Empresas de energia altamente endividadas, uma situação hidrológica desfavorável e contas de luz cada vez mais caras. Os efeitos da crise atual ajudam a ilustrar um cenário mais cruel para o consumidor do que o que castigou o país em 2001, ano do racionamento de energia, segundo especialistas do setor.

Em 2001, como existia muito uso ineficiente da energia, a redução foi feita com menos sacrifícios. Agora, será preciso mudar hábitos e diminuir o conforto para minimizar o impacto no bolso. Mesmo assim, a conta de luz não ficará mais barata, diz Erik Eduardo Rego, diretor da consultoria Excelência Energética.

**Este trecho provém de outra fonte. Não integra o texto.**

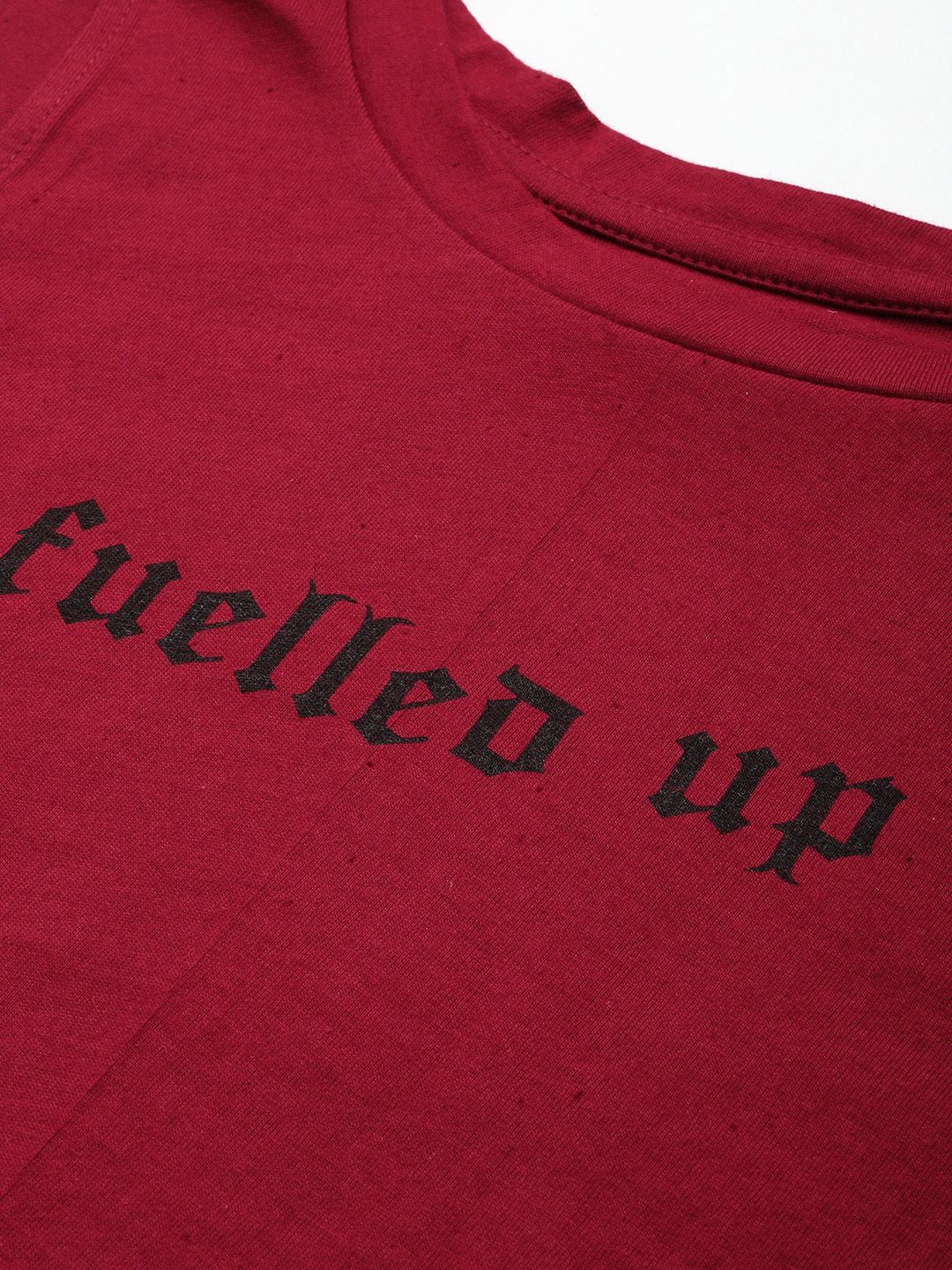the roadster life co. typography printed pure cotton t shirt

- Do ponto de vista econômico, não foi sofrido. Não houve aumento antes do racionamento. Agora, a previsão de alta é de cerca de 50% antes mesmo de um possível racionamento. Em 2001, além de reduzir o consumo em 20%, havia bônus para quem poupava, e a conta caía mais.

Duas ações ajudaram a reduzir o uso da energia há 14 anos: trocar lâmpadas incandescentes por fluorescentes e desligar o freezer - uma herança da época de hiperinflação, quando as famílias faziam compras de mês.

- Não temos isso hoje. Essas trocas promovidas pelos consumidores naquela época levaram à redução de 20% exigida. Hoje, ninguém tem freezer nem voltou para a incandescente. Em 2001, o governo colocou um bode na sala, e o bode ficou bonito. As pessoas viram que era fácil economizar e gostaram da conta mais barata. O consumo se manteve baixo e só voltou ao que era antes do racionamento em 2005 - explica Rego.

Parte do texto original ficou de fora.